# Missing Cat



## Dystopia1980 (Oct 3, 2010)

I have an neutered indoor/outdoor cat named Zero who just turned 7. He goes out in the evening and comes home in the mornings like clockwork. The longest he's stayed out was maybe one extra day. He didn't come home after going out Monday, and my neighbor 3 houses down found his collar in the street this morning.

It's a safe cat breakaway collar, so I have no clue how it could have come off in the middle of the road, and if he had been run over I'm sure his body would be there or some signs of blood. 

My theory is that maybe he got in a catfight and the collar came off...maybe he got scared/hurt and is hiding somewhere? I've done multiple searches around the neighborhood but no visible signs of him and there are just way too many houses/backyards and hiding spots for me to really search every nook and cranny. 

I've heard cats can go into survival mode when scared or injured and can stay silent and hidden for a week or longer, should I wait it out a few more days before flyering the neighborhood? I've already put in a notice to the local shelter with his description.

Not sure what more I could do other than wait. Any suggestions would be appreciated.


----------



## Sinatra-Butters (Aug 9, 2010)

I would suggest flyering right away, and alerting your neighbors, they can keep an eye out too. I would also keep searching instead of just waiting it out. Good luck, I hope you find him.


----------



## MowMow (Nov 6, 2010)

Here are some great ideas for finding a lost cat: Finding a Lost Pet | Little Big Cat


I wouldn't wait a week, I would start absolutely immediately!


----------



## RachandNito (Nov 21, 2008)

Start now. The sooner the better.


----------



## Robin1109 (May 8, 2011)

My friend "lost" her beautiful black cat around Halloween last year. Turned out some crazy lady from the neighborhood thought she was a stray and took her in. With the collar off - that's totally possible!

Do you have him microchipped?


----------



## shybutterflygirl (May 13, 2011)

When my previous cat went missing, I made a TON of flyers. I also put them in page protectors to slightly weather proof them. I also pasted/taped flyers onto fluorescent poster boards. I papered my neighborhood in a large radius. I made small pieces of paper with her picture, her name, my name and phone number and passed them out to my immediate neighbors. Ask them to check their garages, sheds and under porches. 

Also contact the local shelter(s) and file a lost cat report, and take in a picture. You can find out if your local newspaper runs lost ads for free (my local paper does). 

I hope you find your kitty soon and safe!


----------



## jason420 (May 17, 2011)

shybutterflygirl said:


> When my previous cat went missing, I made a TON of flyers. I also put them in page protectors to slightly weather proof them.
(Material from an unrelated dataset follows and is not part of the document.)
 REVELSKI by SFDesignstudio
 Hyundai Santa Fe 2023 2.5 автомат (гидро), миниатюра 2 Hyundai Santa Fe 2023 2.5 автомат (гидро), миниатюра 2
I also pasted/taped flyers onto fluorescent poster boards. I papered my neighborhood in a large radius. I made small pieces of paper with her picture, her name, my name and phone number and passed them out to my immediate neighbors. Ask them to check their garages, sheds and under porches.
> 
> Also contact the local shelter(s) and file a lost cat report, and take in a picture. You can find out if your local newspaper runs lost ads for free (my local paper does).
> 
> I hope you find your kitty soon and safe!


Did you eventually find your kitty?


----------



## shybutterflygirl (May 13, 2011)

jasoncat said:


> Did you eventually find your kitty?


I did. Someone called me nine days later saying that he found a cat that looked like the cat on my flyers. I had an issue with someone taking my flyers down but I just kept replacing them.


----------



## lisak_87 (Jun 2, 2011)

Not to freak anyone out, but it's also possible the cat got hit by a car, was not killed, and is now hiding hurt somewhere. OR that a neighborhood dog attacked the cat. This happened to one of my cats. We found him hiding in a sewer...he didn't come out until we found him.

Check craigslist for anyone talking about a found cat.
Contact all shelters in your area. Alert them of your cat's microchip ID if he has one.
Flyers everywhere.
Talk to neighbors.

Good luck ... thoughts and prayers being sent your way.


----------



## KittieLover (May 2, 2011)

Start to flyer around your neighborhood to alert neighbors ASAP!


----------



## jason420 (May 17, 2011)

shybutterflygirl said:


> I did. Someone called me nine days later saying that he found a cat that looked like the cat on my flyers. I had an issue with someone taking my flyers down but I just kept replacing them.



Awesome!


----------